The most common issue that comes up is cutting across the middle line instead of going around the cone, for example going around from left to right and cutting across from right to left. If this is not rewarded, the dog tends to then go around the cone from the side that they are now on (from left to right in our example). That gets rewarded, and many times that's all you needed to get the dog back on track.

Some dogs, however, try to continue the new pattern - cut across the middle in one direction and go around the cone in the other for their one cookie. This is not a pattern you want developing - it is crucial that the dog alternates direction with every rep. You can wait them out until they offer going around the cone in the direction they keep trying to skip, or you can make the set up easier and move the cone closer to you (half the distance).

If your dog lies down, or otherwise offers a stationary behavior, throw a reset cookie towards the line they should be traveling - when they get there and see the cone, they are likely to remember what they were doing and offer going around it again.

This is a fairly mentally intensive game, so watch your session lengths. Some dogs thrive on patterns and will go around that cone a hundred times. Other dogs will start to make deliberate mistakes when asked to do the same thing too many times in a row - ending the session or doing a different drill is better there to avoid building frustration.

Adding Variation

Once the dog understands the pattern and that they are not to cut across the middle line between you and the obstacle, you can increase the complexity of the thing they are doing in the middle. The simplest progression involves putting a jump right behind the cone - such that you are perpendicular to it.
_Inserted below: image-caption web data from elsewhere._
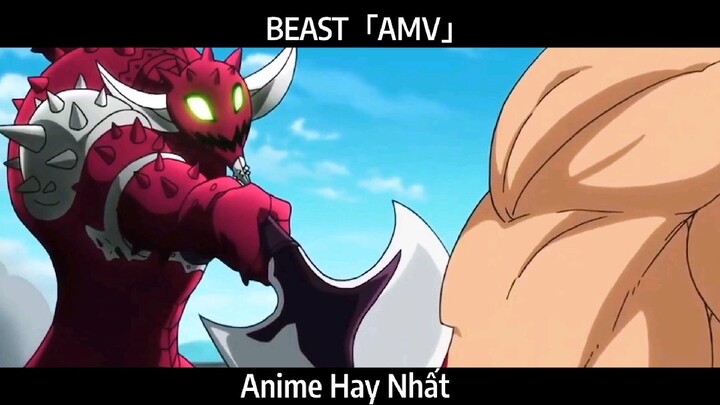 BEAST「AMV」Hay Nhất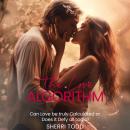 The Love Algorithm: Can Love truly be Calculated or Does it Defy All Logic? Audiobook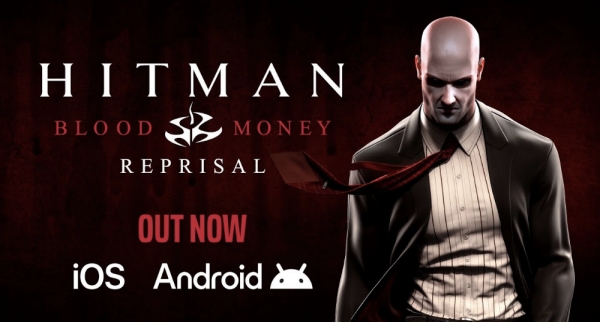 Hitman: Blood Money Reprisal hiện đã có mặt trên Google Play Store và Apple Store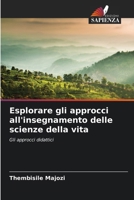 Esplorare gli approcci all'insegnamento delle scienze della vita (Italian Edition) 6209155022 Book Cover
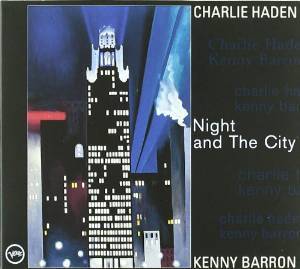 CHARLIE HADEN - NIGHT AND THE CITY (CD) CHARLIE HADEN - NIGHT AND THE CITY (CD)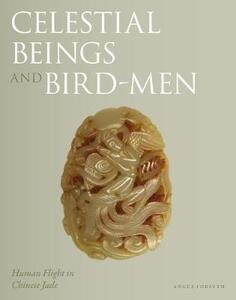 Celestial Beings and Bird-Men • Human Flight in Chinese Jade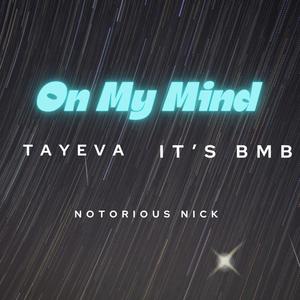 On My Mind (feat. Notorious Nick)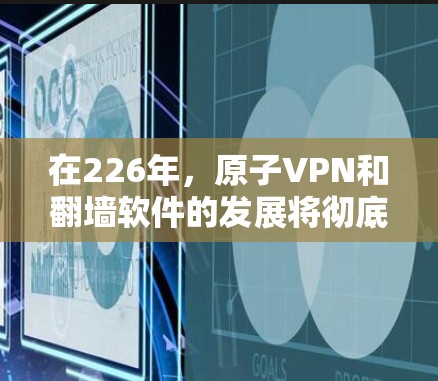 在226年，原子VPN和翻墙软件的发展将彻底改变我们如何访问互联网的模式，特别是在加密和访问限制方面。以下是针对这两个技术的详细分析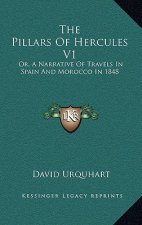 The Pillars of Hercules V1: Or, a Narrative of Travels in Spain and Morocco in 1848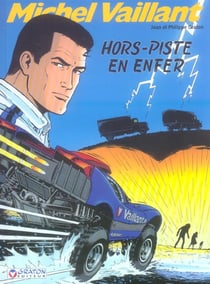 Michel Vaillant Tome 69 : hors-piste en enfer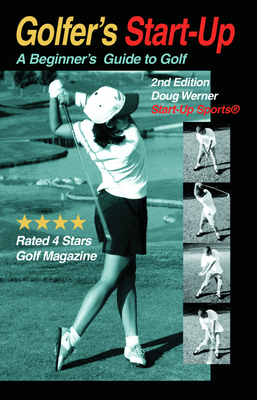 Golfer's Start-Up: A Beginner's Guide to Golf 1884654762 Book Cover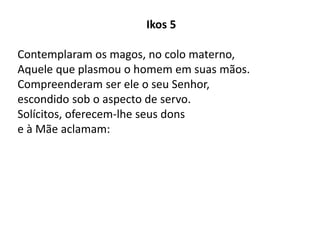 Ikos 5
Contemplaram os magos, no colo materno,
Aquele que plasmou o homem em suas mãos.
Compreenderam ser ele o seu Senhor,
escondido sob o aspecto de servo.
Solícitos, oferecem-lhe seus dons
e à Mãe aclamam:
 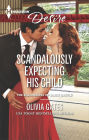 Scandalously Expecting His Child (Harlequin Desire Series #2345)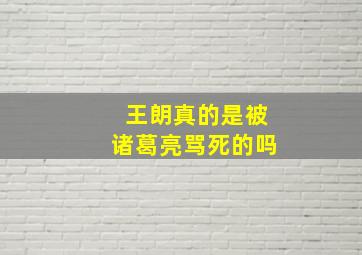 王朗真的是被诸葛亮骂死的吗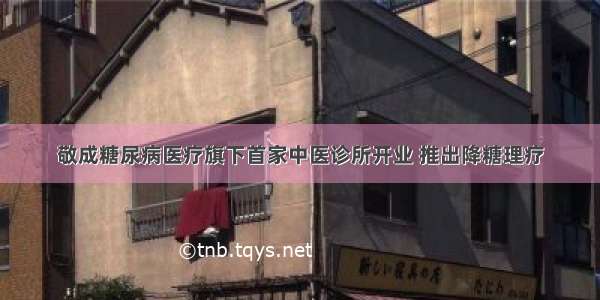 敬成糖尿病医疗旗下首家中医诊所开业 推出降糖理疗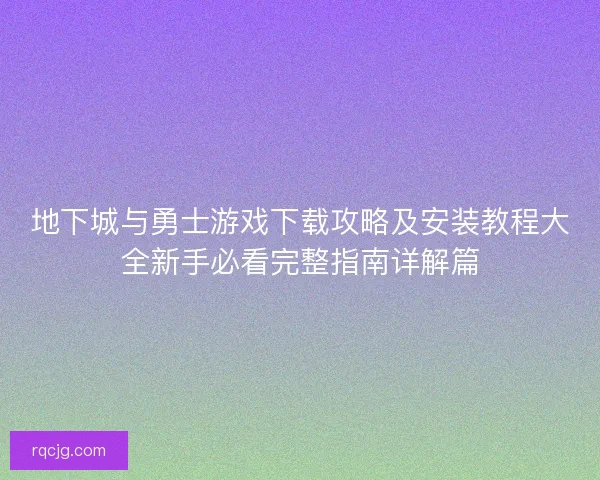 地下城与勇士游戏下载攻略及安装教程大全新手必看完整指南详解篇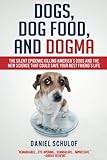 Dogs, Dog Food, and Dogma: The Silent Epidemic Killing America's Dogs and the New Science That Could Save Your Best Friend's Life by 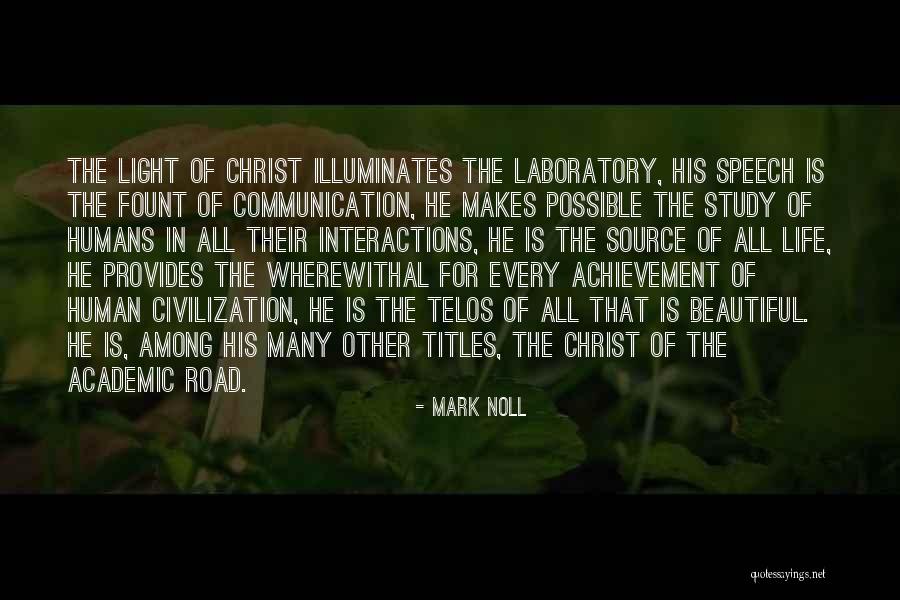 The Achievement Quotes By Mark Noll The Achievement Quotes By Mark Noll
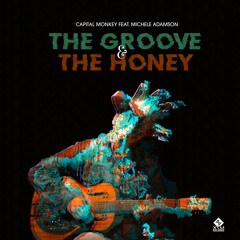 Capital Monkey feat. Michele Adamson - The Groove & The Honey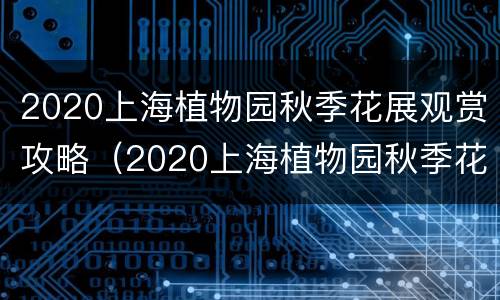 2020上海植物园秋季花展观赏攻略（2020上海植物园秋季花展观赏攻略图）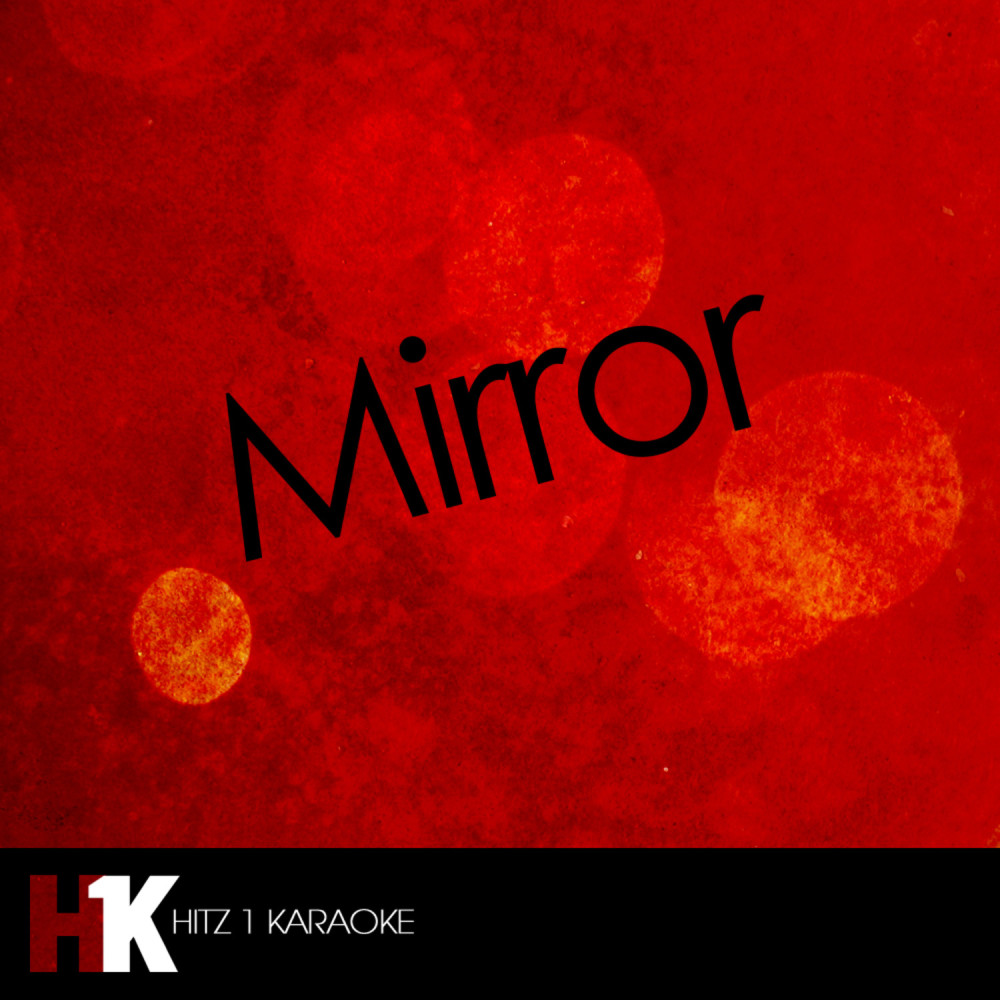 Mirror (originally feat. Bruno Mars)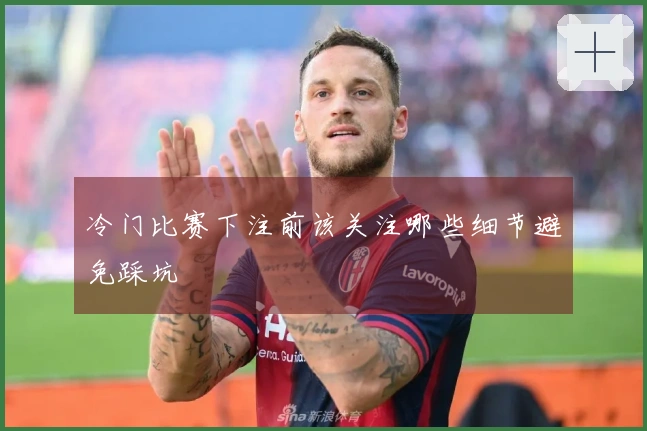 冷门比赛下注前该关注哪些细节避免踩坑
The dog then goes out, jumps a tight wrap before coming back to your other side to collect their treat. Since they are going back and forth, they are working both directions evenly.


From here your options open up. Two jumps on either side of the cone - progress to moving them further apart as the dog is successful to make two separate lines with a turn at the end. Add a tunnel to the picture - the dog will now take one jump, continue on their line to take the curved tunnel, come out from the other side to take that jump before coming back to you.

Expand that further - set up a jump grid, an element that allows your dog to turn (tunnel or cone or jump), then another jump grid on the other side. Set up weaves - or even just a single 2x2 to practice the entry. Making use of this pattern allows you to maximize the efficiency of your training.


By taking handler motion and start line stays out of the picture and using the pattern to give your dog confidence in where to go next, you allow them to concentrate on their job of obstacle execution. By applying the pattern to longer chains of obstacles, you let your dog develop confidence in working at a distance from you. The one-obstacle variants are great for a small space, while the space-requiring grids and sequences give your dog a workout with minimal effort on your part. The back and forth nature of the pattern equalizes the number of reps done with turning in each direction, keeping your dog's muscle development balanced.

Naturally, this game must be balanced out by other drills and games that practice handler focus and prioritize speed. Unless you have a dog who naturally likes moving quickly, their speed of execution in this game is likely to be leisurely - especially in the initial stages of learning the pattern and how it applies to variations. This is a game to add to your arsenal of tools to keep your agility partner balanced between obstacle and handler focus.